START Task inputs

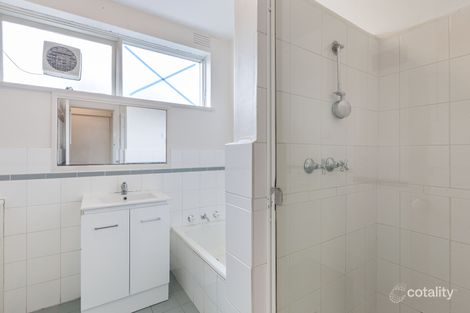 Property photo of 4/579 Dandenong Road Armadale VIC 3143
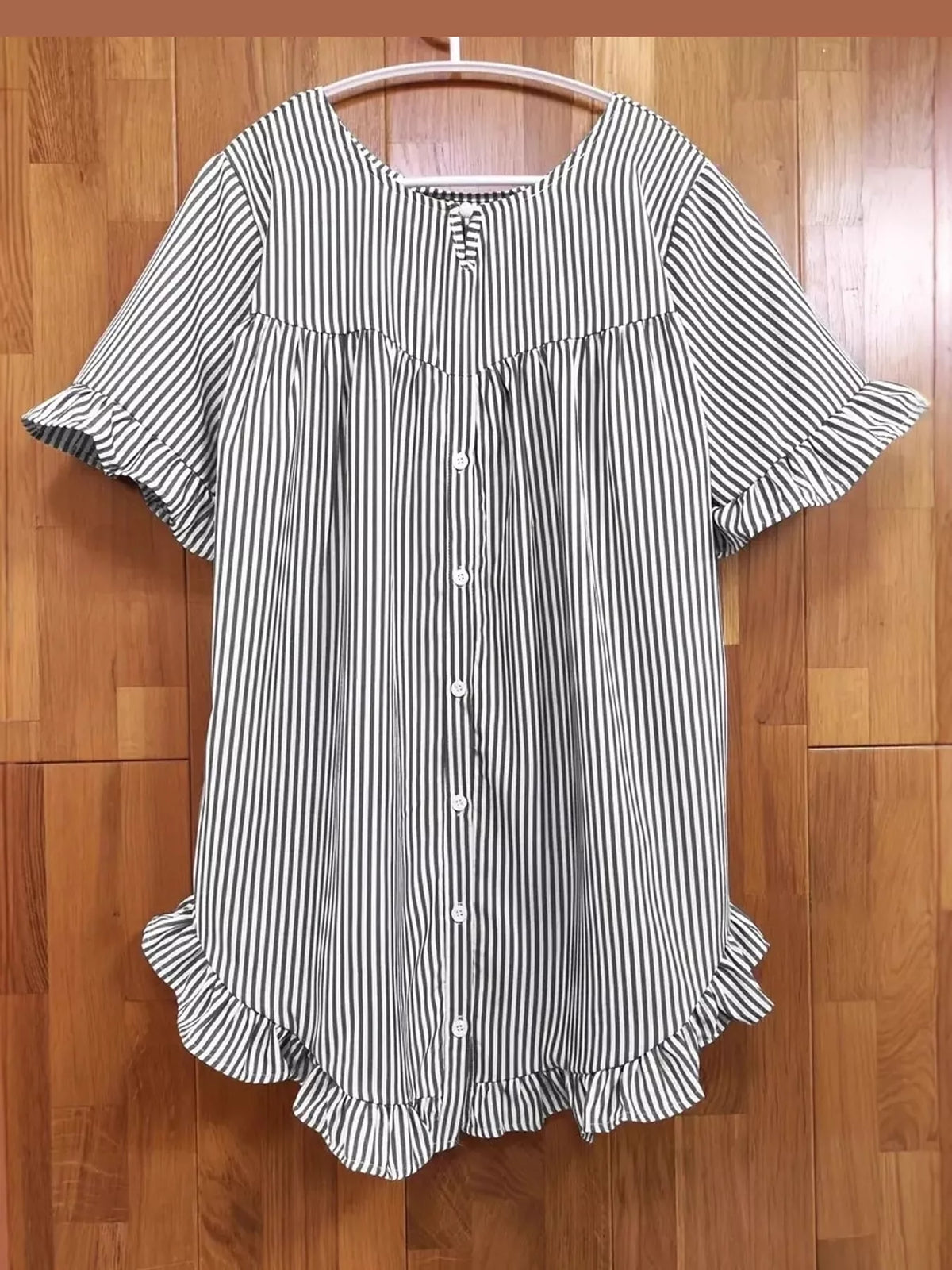 Ruffle Hem Short Sleeve Blouse — garment front
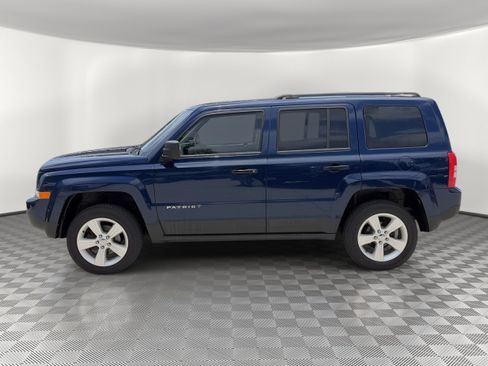 Used 2016 Jeep Patriot Latitude AWD/4WD image 2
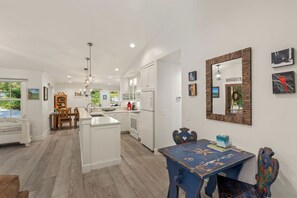 Fridge, microwave, oven, stovetop - Harris Cottage: Short Walk to Harris Lake and Downtown Highlands | Pet-Friendly (Highlands)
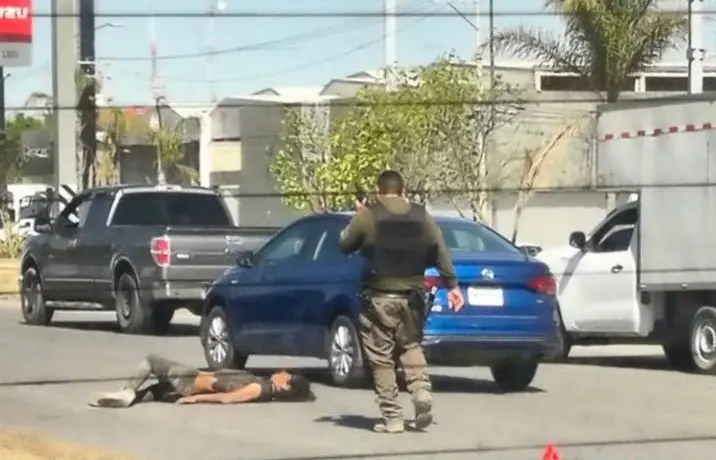 Embisten a hombre en situación de calle sobre la 57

END Task inputs

The aim is an exact repeat of the entire listing, stripped of pictures.

 Property photo of 4/579 Dandenong Road Armadale VIC 3143
 Ruffle Hem Short Sleeve Blouse — garment front
 Used 2016 Jeep Patriot Latitude AWD/4WD image 2
 Fridge, microwave, oven, stovetop - Harris Cottage: Short Walk to Harris Lake and Downtown Highlands | Pet-Friendly (Highlands)
 Embisten a hombre en situación de calle sobre la 57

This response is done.